Material provided:
----------------------------------------

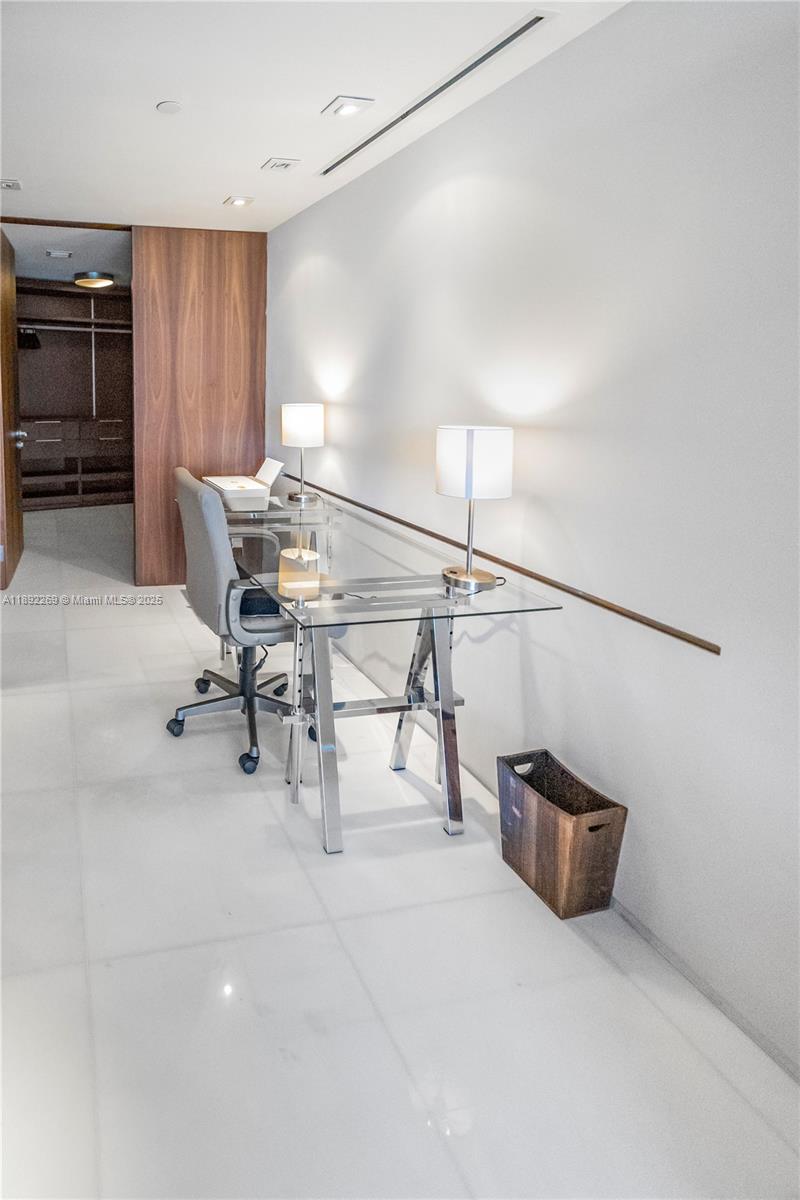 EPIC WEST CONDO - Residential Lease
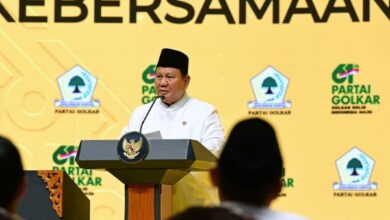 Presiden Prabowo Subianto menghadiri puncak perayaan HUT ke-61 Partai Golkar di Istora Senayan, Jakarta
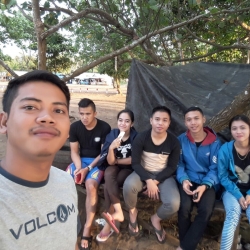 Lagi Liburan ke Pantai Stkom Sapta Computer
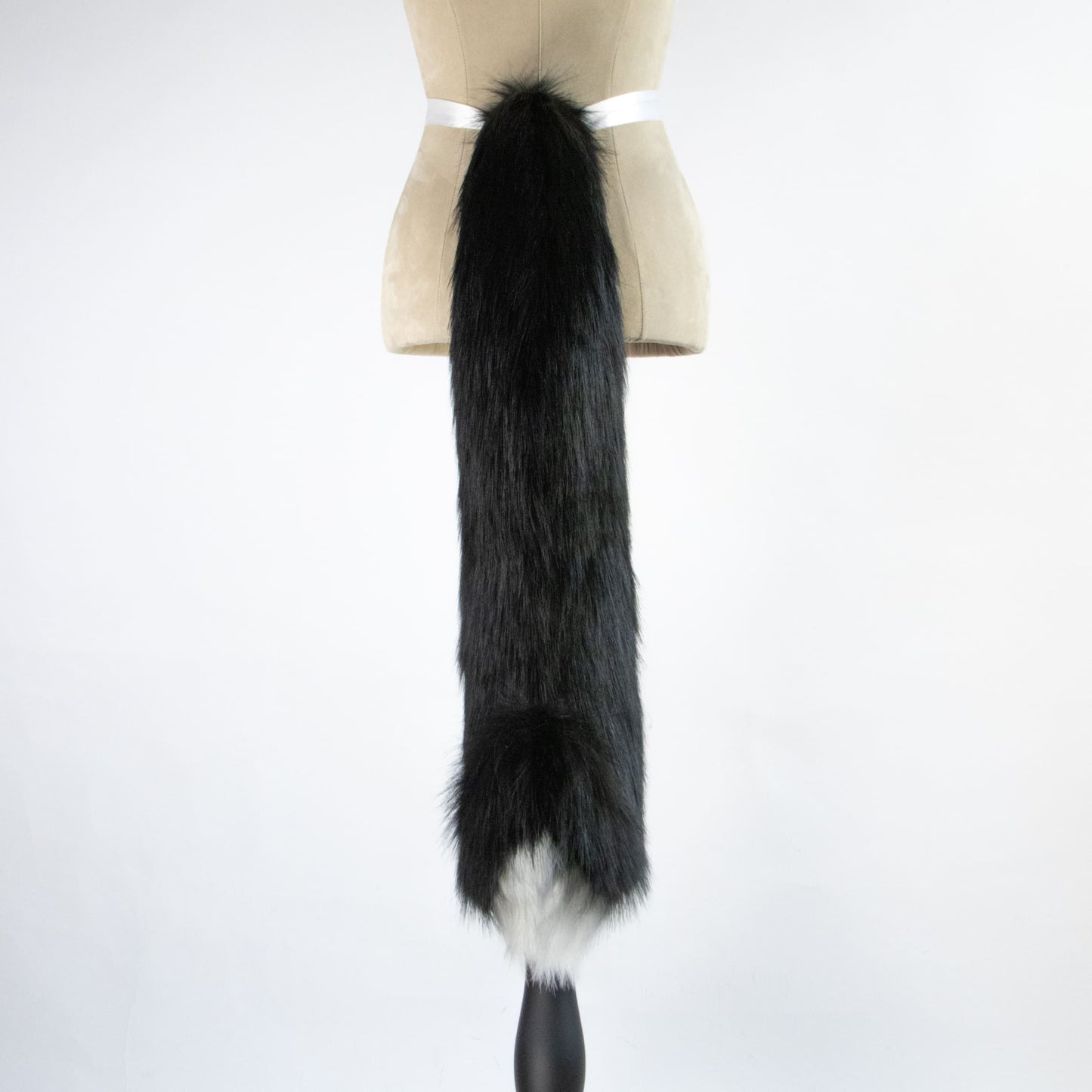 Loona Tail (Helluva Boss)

----------------------------------------

Problem details: Please set down every line of the data above precisely, dropping the images.

Task output:
 EPIC WEST CONDO - Residential Lease
 Presiden Prabowo Subianto menghadiri puncak perayaan HUT ke-61 Partai Golkar di Istora Senayan, Jakarta
 Lagi Liburan ke Pantai Stkom Sapta Computer
 Loona Tail (Helluva Boss)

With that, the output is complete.